Task input:
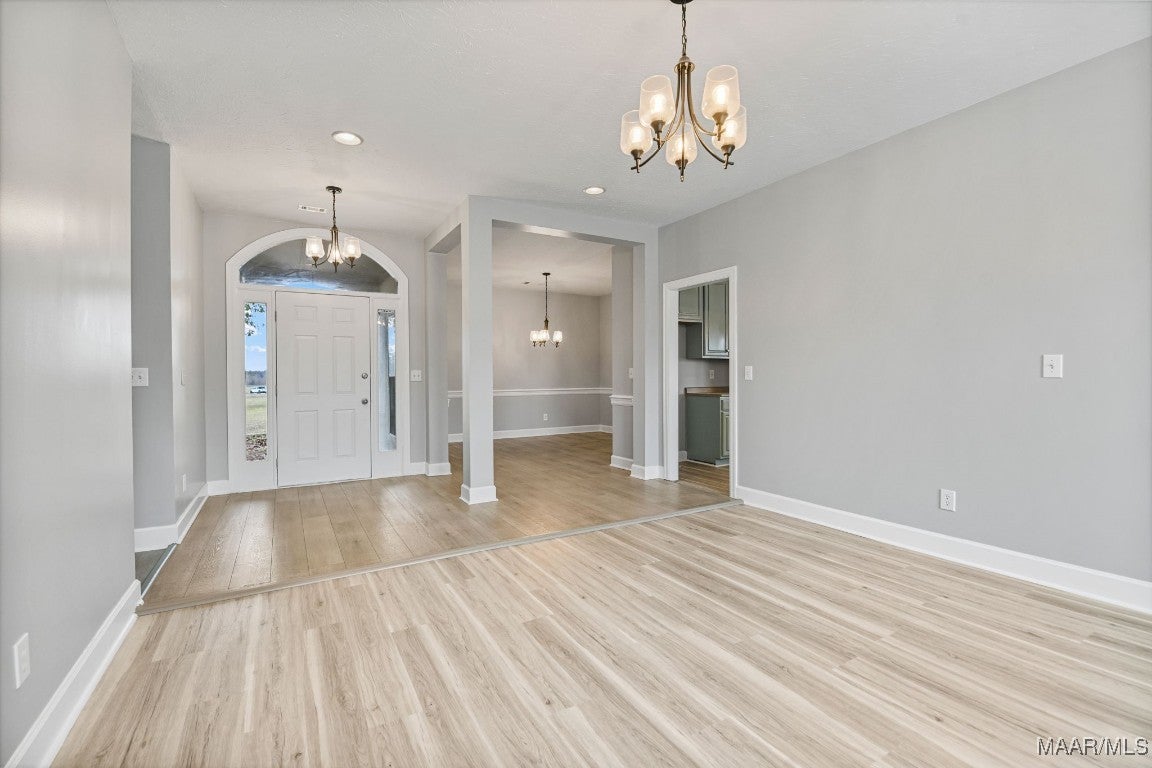 2464 Marler Road Pike Road, AL 36064 - Photo 9 of 67 Gallery Image 9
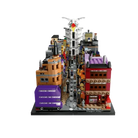 Lego Diagon Alley™ Wizarding Shops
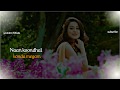 Tamil whatsapp status song || en jannal vandha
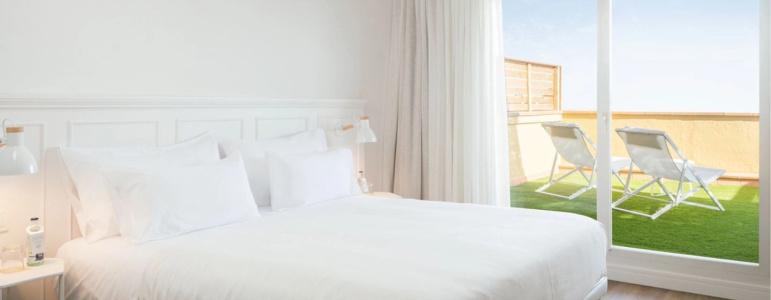 The 15th Boutique 4* - 44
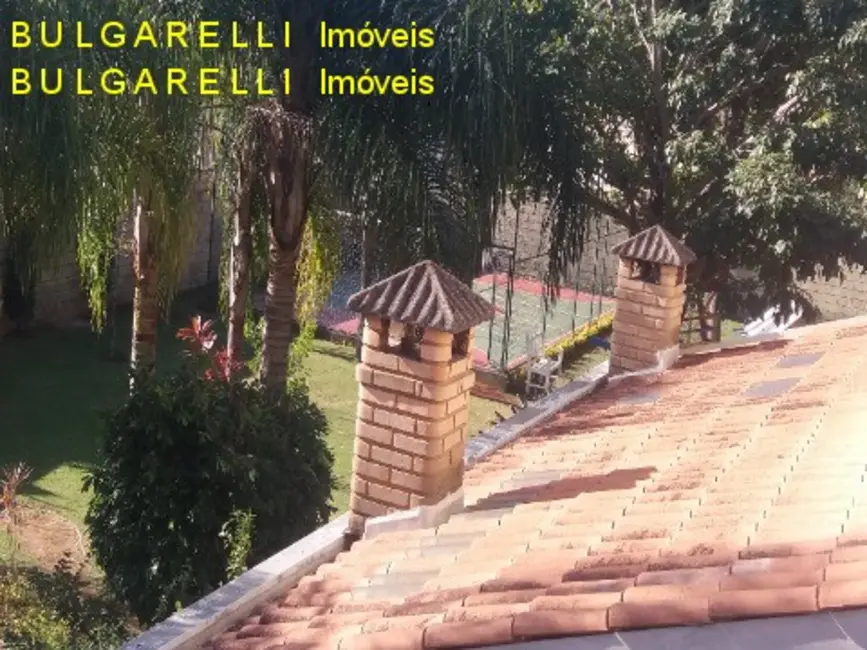 Foto 3 de Casa de Condomínio com 2 quartos à venda, 80m2 em Vila Maringá, Jundiai - SP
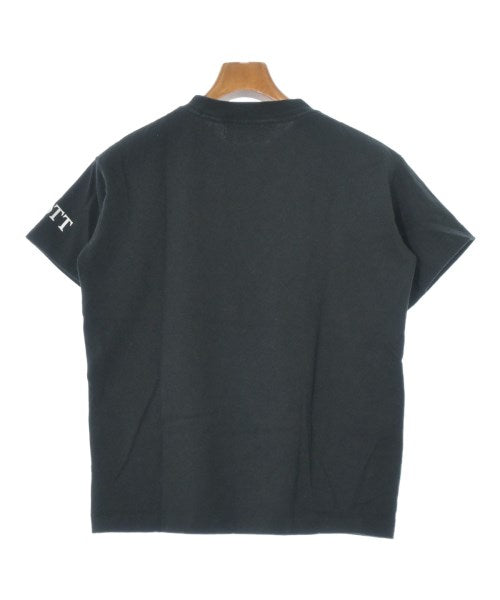BOTT เสื้อยืด/เสื้อท็อปส์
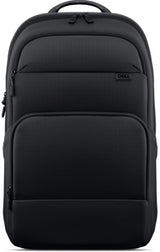 DELL CP5626 40.6 cm (16") Backpack Black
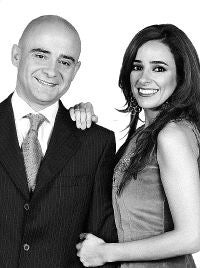 'Nochevieja 2006: ante todo, mucha calma'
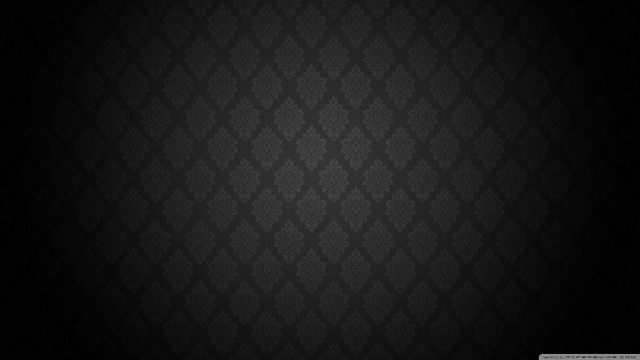 Black background pattern squares lines free wallpaper - medium preview image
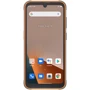 Смартфон Blackview BV5200 4/32GB Orange: Комунікації USB Type-C / Bluetooth 5.0, A2DP, LE / Wi-Fi 802.11 a/b/g/n/ac, dual-band, hotspot / GPS (GLONASS, GALILEO, BDS) / NFC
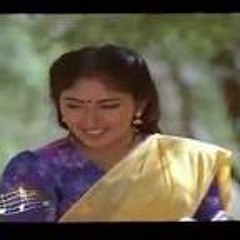 Kadhal Kaditham Varainthen
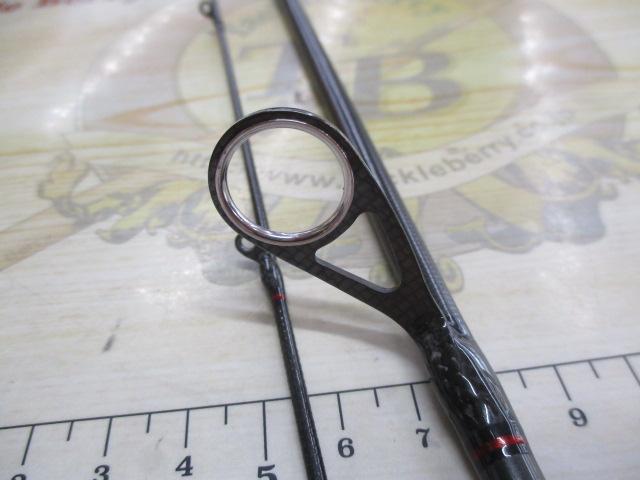 エメラルダスストイストRT 80LML｜＠ベリーネット 日本最大新品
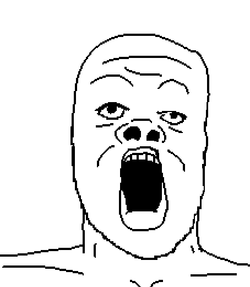 soy149.png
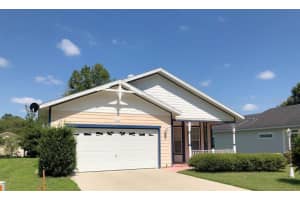 2116 Ne 40th Ter, OCALA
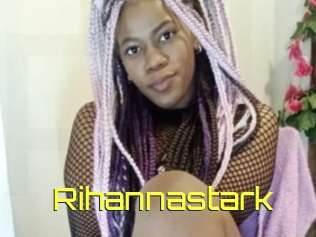 Rihannastark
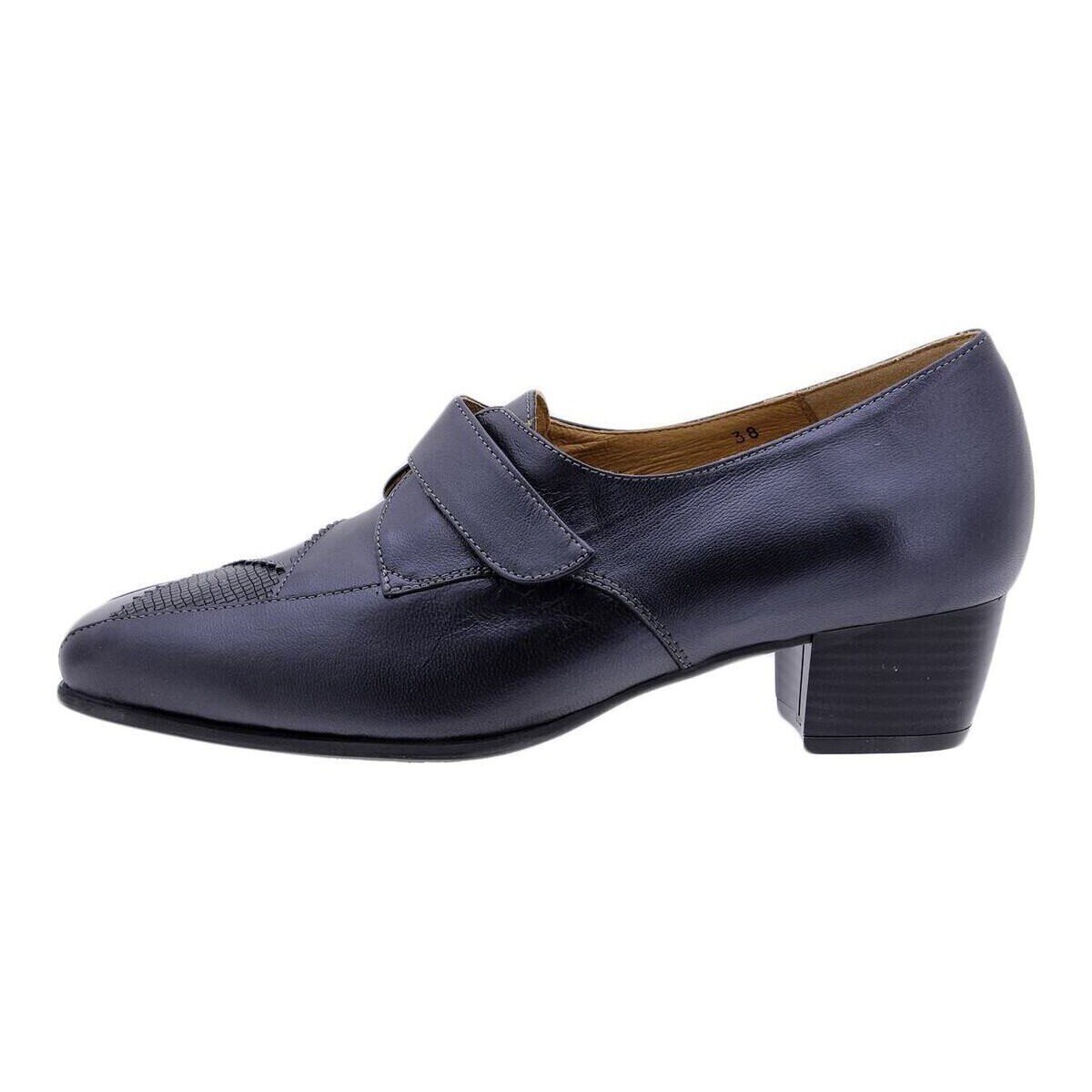 Gasymar Pantofi 1102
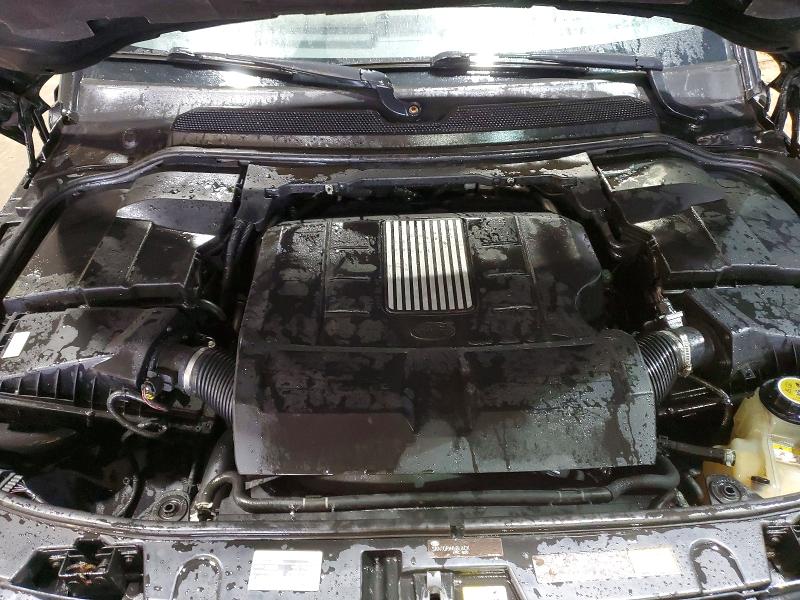 SALAC2V6XGA793051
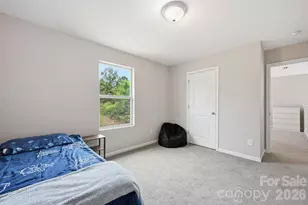 1465 Juanita Ave, Rock Hill, SC 29730 - Photo 20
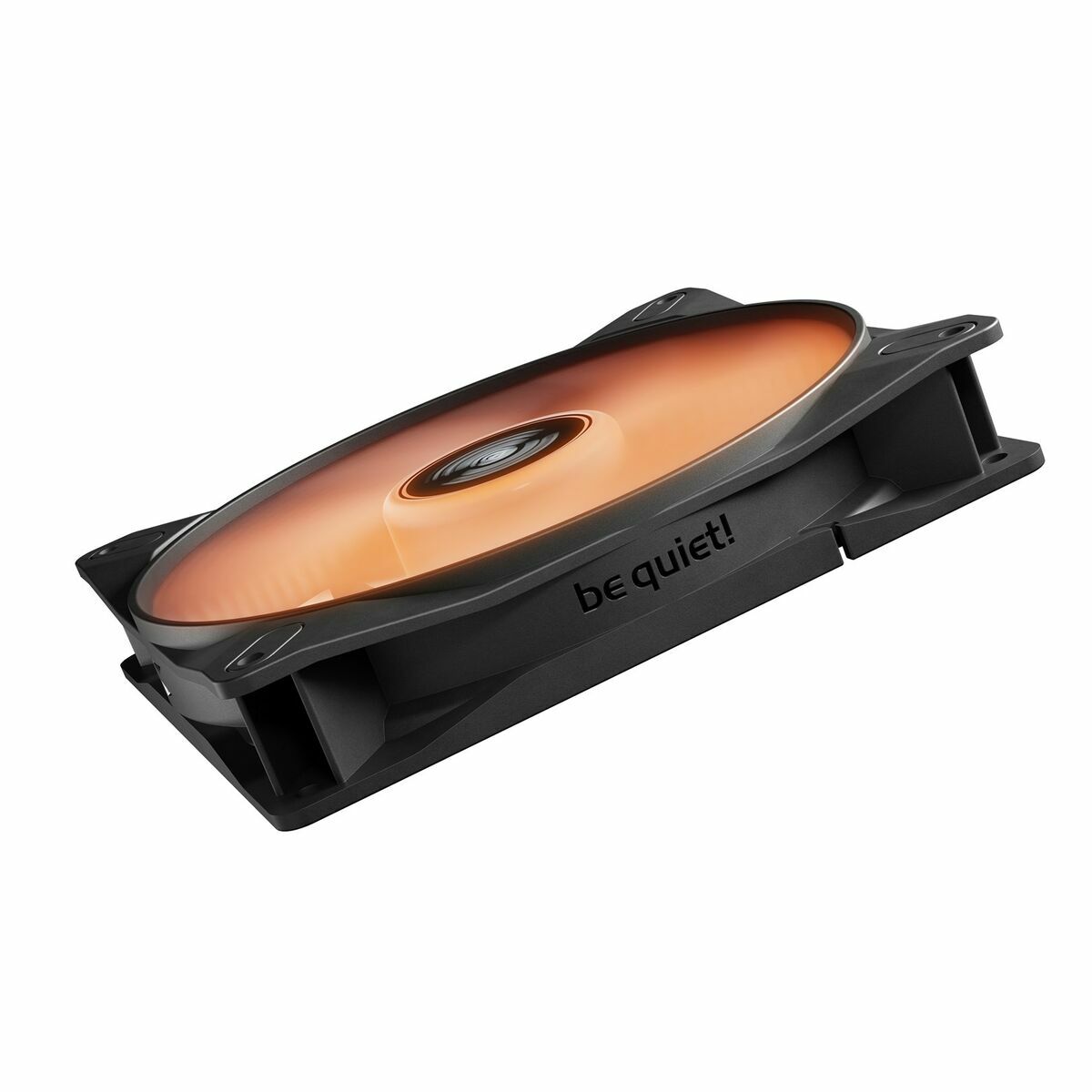 Ventola da Case Be Quiet! BL126 Ø 14 cm (1 Unità) 4 S91108970_2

Exercise brief: The listing must be repeated word for word, and none of its pictures may appear in the copy.

The completed task:
 2464 Marler Road Pike Road, AL 36064 - Photo 9 of 67 Gallery Image 9
 Lego Diagon Alley™ Wizarding Shops
 Tamil whatsapp status song || en jannal vandha
 The 15th Boutique 4* - 44
 Foto 3 de Casa de Condomínio com 2 quartos à venda, 80m2 em Vila Maringá, Jundiai - SP
BOTT เสื้อยืด/เสื้อท็อปส์
 DELL CP5626 40.6 cm (16") Backpack Black
 'Nochevieja 2006: ante todo, mucha calma'
 Black background pattern squares lines free wallpaper - medium preview image
 Смартфон Blackview BV5200 4/32GB Orange: Комунікації USB Type-C / Bluetooth 5.0, A2DP, LE / Wi-Fi 802.11 a/b/g/n/ac, dual-band, hotspot / GPS (GLONASS, GALILEO, BDS) / NFC
 Kadhal Kaditham Varainthen
 エメラルダスストイストRT 80LML｜＠ベリーネット 日本最大新品
 soy149.png
 2116 Ne 40th Ter, OCALA
 Rihannastark
 Gasymar Pantofi 1102
 SALAC2V6XGA793051
 1465 Juanita Ave, Rock Hill, SC 29730 - Photo 20
 Ventola da Case Be Quiet! BL126 Ø 14 cm (1 Unità) 4 S91108970_2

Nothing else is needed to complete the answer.